Nietzsche wrote that “Truth is a mobile army of metaphors, metonyms, anthropomorphism… illusions of which we have forgotten that they are illusions, metaphors which have become worn by frequent use and have lost all sensuous vigor.” Almost one and a half centuries later, purposeful manipulation of information for political gains across the world forces observers to comment that we live in the “post-truth era” today.
Practitioners of Liberal Arts operate with various forms of truths and truth claims every day. The positivist approach of the sciences claims to study those aspects of the world that are governed by rules and laws, and abides by questions of universality, verifiability and falsification.
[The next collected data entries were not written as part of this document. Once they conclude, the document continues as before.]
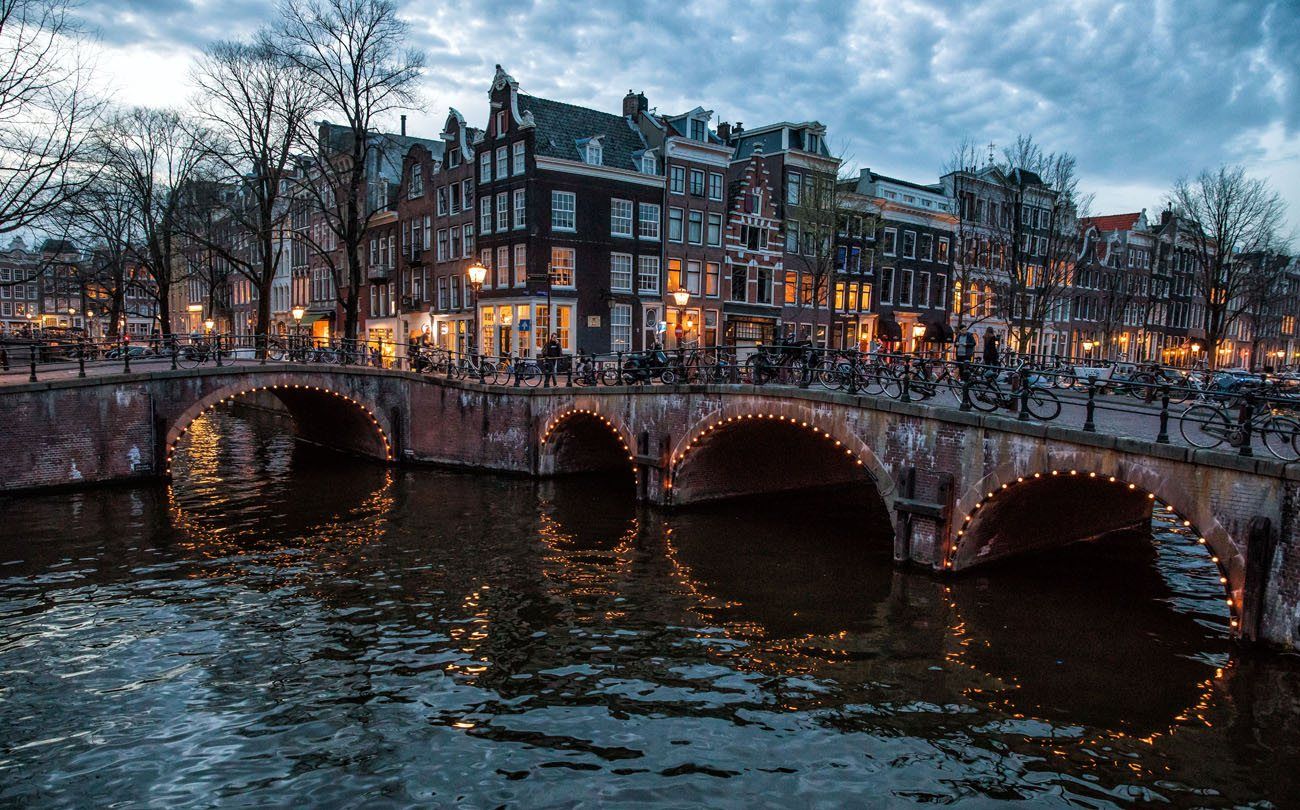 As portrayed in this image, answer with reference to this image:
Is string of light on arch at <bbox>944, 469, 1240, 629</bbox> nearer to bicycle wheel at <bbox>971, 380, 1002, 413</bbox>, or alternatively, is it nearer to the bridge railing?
the bridge railing

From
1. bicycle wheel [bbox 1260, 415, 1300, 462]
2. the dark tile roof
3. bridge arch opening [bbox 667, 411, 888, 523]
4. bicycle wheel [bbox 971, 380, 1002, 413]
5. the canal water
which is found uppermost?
the dark tile roof

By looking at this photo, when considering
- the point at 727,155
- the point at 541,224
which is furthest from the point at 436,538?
the point at 727,155

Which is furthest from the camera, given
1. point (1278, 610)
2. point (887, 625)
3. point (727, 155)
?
point (727, 155)

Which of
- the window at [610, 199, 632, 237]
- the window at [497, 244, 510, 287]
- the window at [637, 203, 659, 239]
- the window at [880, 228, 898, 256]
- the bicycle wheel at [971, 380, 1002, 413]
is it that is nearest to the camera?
the bicycle wheel at [971, 380, 1002, 413]

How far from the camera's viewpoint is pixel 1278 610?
1137 cm

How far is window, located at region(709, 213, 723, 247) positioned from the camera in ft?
140

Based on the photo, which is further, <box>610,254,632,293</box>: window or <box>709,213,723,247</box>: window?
<box>709,213,723,247</box>: window

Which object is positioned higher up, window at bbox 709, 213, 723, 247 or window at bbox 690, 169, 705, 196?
window at bbox 690, 169, 705, 196

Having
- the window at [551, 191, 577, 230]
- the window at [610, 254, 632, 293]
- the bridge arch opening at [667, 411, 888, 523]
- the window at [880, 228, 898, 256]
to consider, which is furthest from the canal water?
the window at [880, 228, 898, 256]

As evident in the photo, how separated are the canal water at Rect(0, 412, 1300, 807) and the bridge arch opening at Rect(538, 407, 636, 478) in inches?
262

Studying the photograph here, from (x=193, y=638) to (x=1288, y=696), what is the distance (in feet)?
52.6

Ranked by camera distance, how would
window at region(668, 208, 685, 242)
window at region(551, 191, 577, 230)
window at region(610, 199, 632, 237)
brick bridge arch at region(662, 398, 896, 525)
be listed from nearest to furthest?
brick bridge arch at region(662, 398, 896, 525), window at region(551, 191, 577, 230), window at region(610, 199, 632, 237), window at region(668, 208, 685, 242)

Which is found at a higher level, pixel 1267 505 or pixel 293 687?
pixel 1267 505

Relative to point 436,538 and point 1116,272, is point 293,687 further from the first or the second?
point 1116,272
The humanistic approach within the arts and social sciences professes to give more agency to the individual. To explain human nature, actions, and creativities – far less rule-bound than many occurrences in the physical and natural world, these fields of knowledge also profess flexibility and multiplicity of interpretations. Yet, even here, the regime of the “objective opinion”, the “unbiased viewpoint”, and “correct information” still goes strong.
As the first of its kind at Ashoka, the present event brings together practitioners of Liberal Arts from a variety of disciplinary moorings. Our objective is to engage with questions about the role of truth and subjectivity in their respective fields of research and pedagogy. What is truth? Is there something called truth? Is there one truth or many? What sort of notions of truth does one have to deal with? Is there one truth or many? Are these objective and absolute? Or are they produced by humans and their doings (thought, language etc.)? What is the role of subjectivity? What kind of differences in opinions is tolerated and what kinds rejected?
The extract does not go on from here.